Store heat supply

Contents

CONTENTS

P

1. Cover Sheet

2. Project Composition

3. Volume Content

4. License

5. Terms of Reference for Working Project Development

6. Project Passport

7. List of approvals

8. Explanatory Note

Technical assignment

No. 1

for performance of the working project of heat network section reconstruction

at: st. Ussuriyskaya, d.8 CTP No. 615/005 - st. Ussuriyskaya d.4

1. Data on existing structures and coolant:

Existing heating system from steel pipelines 3dy = 80 mm, dy = 100 mm in insulation from mineral wool mats pierced with galvanized iron.

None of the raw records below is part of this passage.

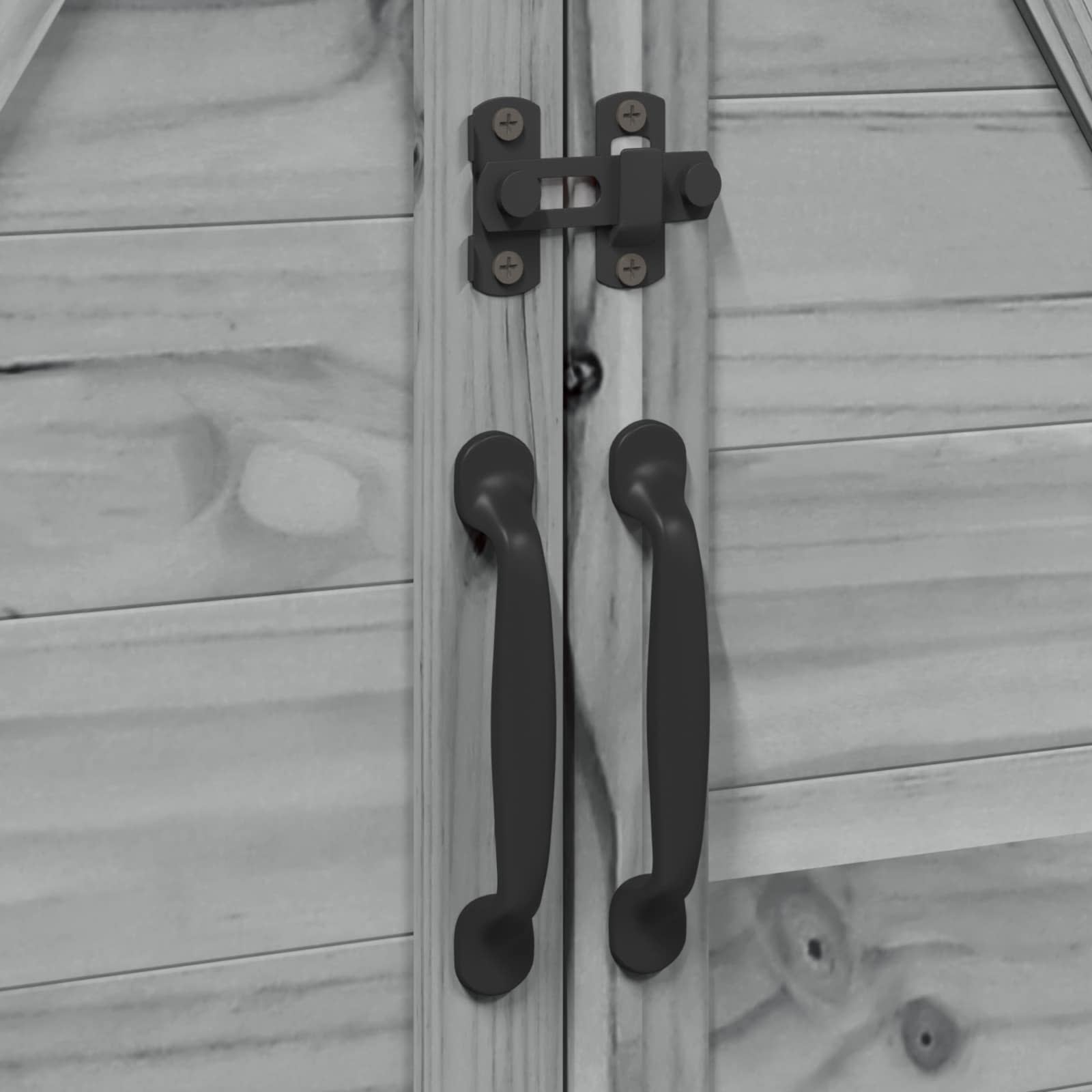vidaXL Shed ogrodowy Szary 106 x 56 x 113,5 cm Drewno Świerkowe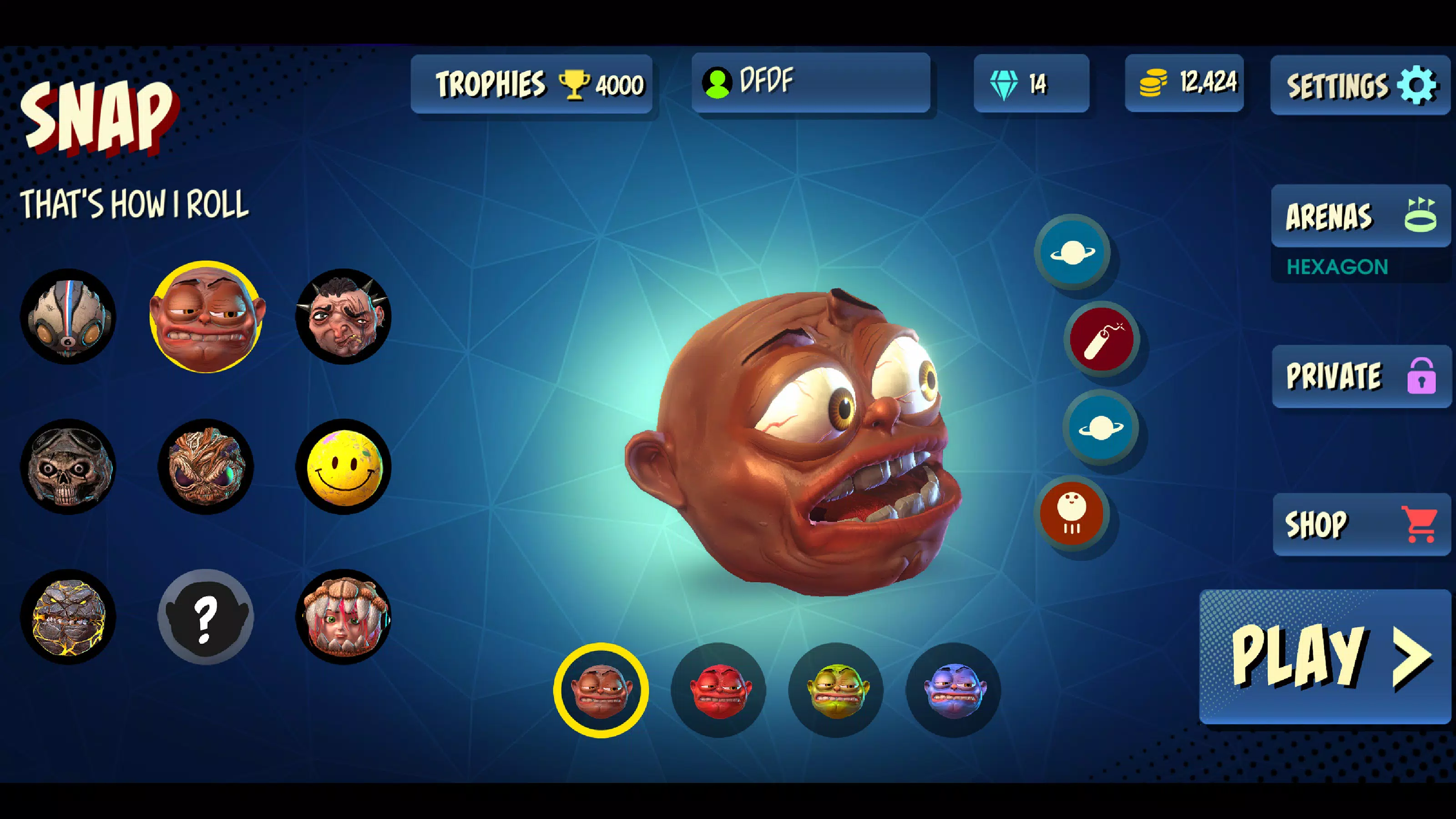 Rolling Heads Screenshot 1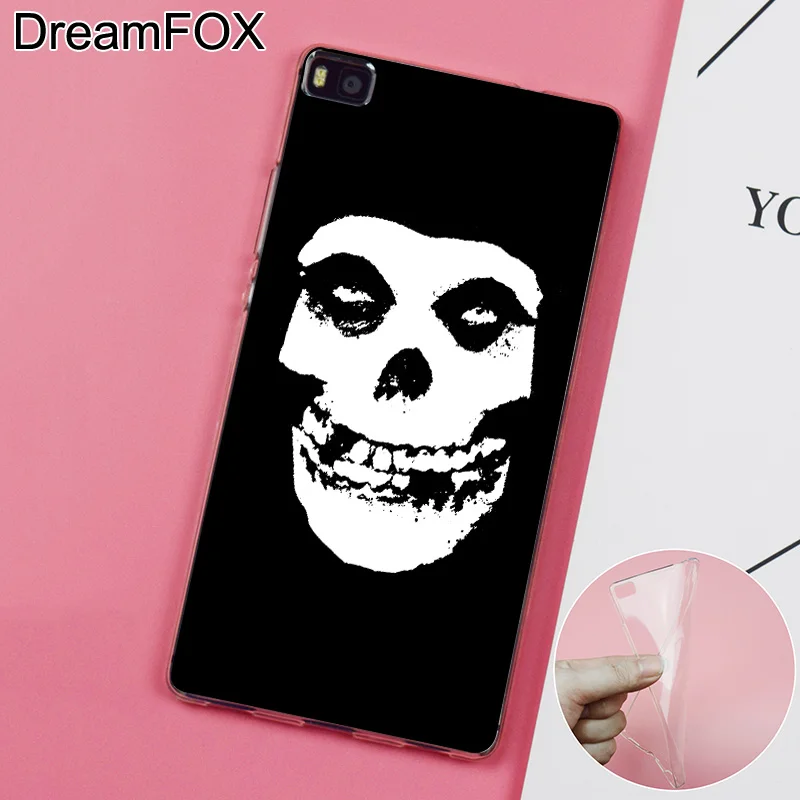 DREAMFOX K118 Hardcore Metal Skull Soft TPU Silicone Case Cover For Huawei P8 P9 P10 Lite Plus 2017 Honor 8 Pro 9 6X |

A temporary overhead heating line (bypass) was laid in 1998 due to the construction of a car garage heating line above the canal.

Above-ground heating line gasket on brackets (67 m) and partially in impassable railway channel (53 m).

The length of the heating line is 120 p.m.

Heat and water supply of consumers is currently carried out through temporary networks of above-ground laying.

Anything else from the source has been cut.